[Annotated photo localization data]

++++++

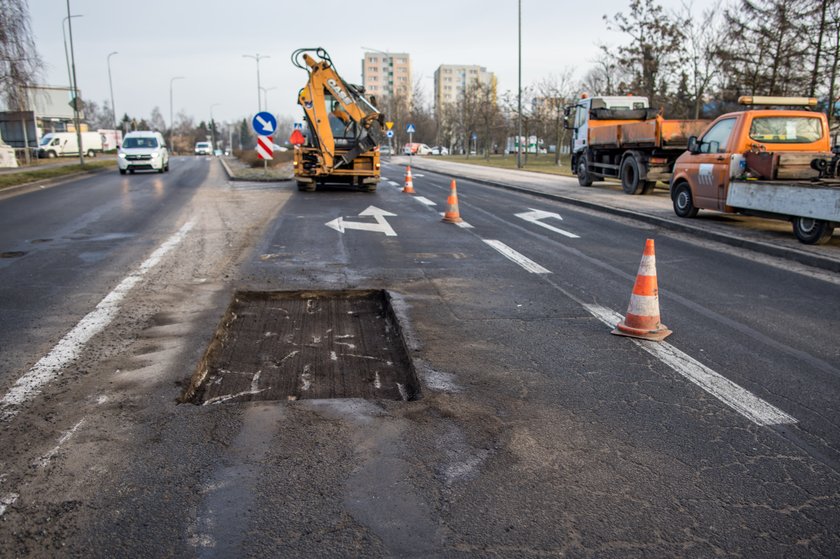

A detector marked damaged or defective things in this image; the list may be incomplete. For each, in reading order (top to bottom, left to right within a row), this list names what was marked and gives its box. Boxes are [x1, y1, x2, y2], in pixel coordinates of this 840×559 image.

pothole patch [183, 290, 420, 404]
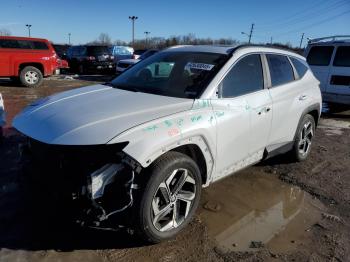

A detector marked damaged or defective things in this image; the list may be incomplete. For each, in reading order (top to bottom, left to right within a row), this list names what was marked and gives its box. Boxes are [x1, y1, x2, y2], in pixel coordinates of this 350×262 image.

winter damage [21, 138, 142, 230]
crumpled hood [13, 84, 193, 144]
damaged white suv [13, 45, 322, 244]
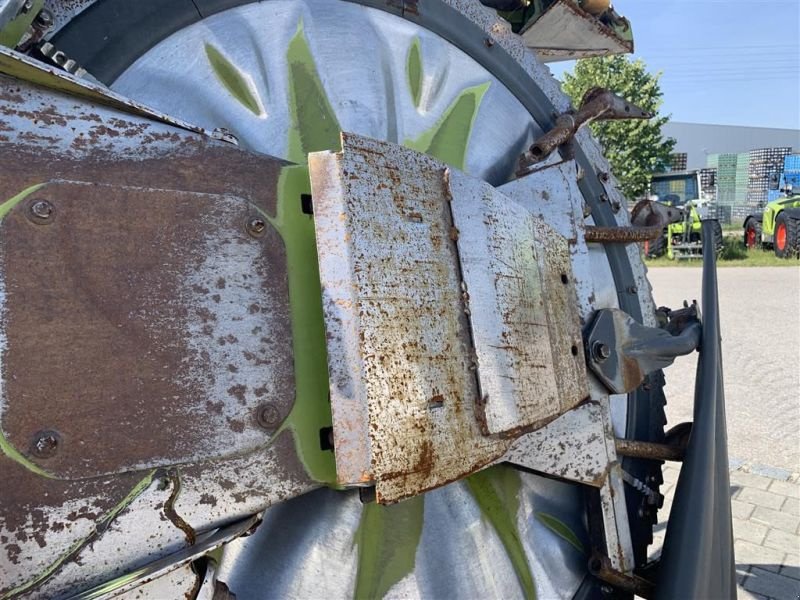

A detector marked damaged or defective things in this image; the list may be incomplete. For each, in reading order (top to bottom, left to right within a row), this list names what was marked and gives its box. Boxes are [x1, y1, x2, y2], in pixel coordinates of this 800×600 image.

++++++

▶ [Exercise details]:
Leave the pictures out, then print every entry exactly as it reads.

▶ [Response area]:
A detector marked damaged or defective things in this image; the list may be incomplete. For each, in reading order (top to bottom, left to right within a row), this list names what was marked and gives its box. Boxes are [x1, y1, x2, y2], in pixel coordinates of this 840×559 image.

pothole patch [183, 290, 420, 404]

A detector marked damaged or defective things in this image; the list may be incomplete. For each, in reading order (top to bottom, left to right within a row), this list names what was marked and gives its box. Boxes are [x1, y1, x2, y2], in pixel coordinates of this 350×262 image.

winter damage [21, 138, 142, 230]
crumpled hood [13, 84, 193, 144]
damaged white suv [13, 45, 322, 244]

A detector marked damaged or defective things in this image; the list may be incomplete. For each, in reading order (top to bottom, left to right within a row), this list names what was marked and gives its box. Boxes are [x1, y1, x2, y2], in pixel coordinates of this 800×600 image.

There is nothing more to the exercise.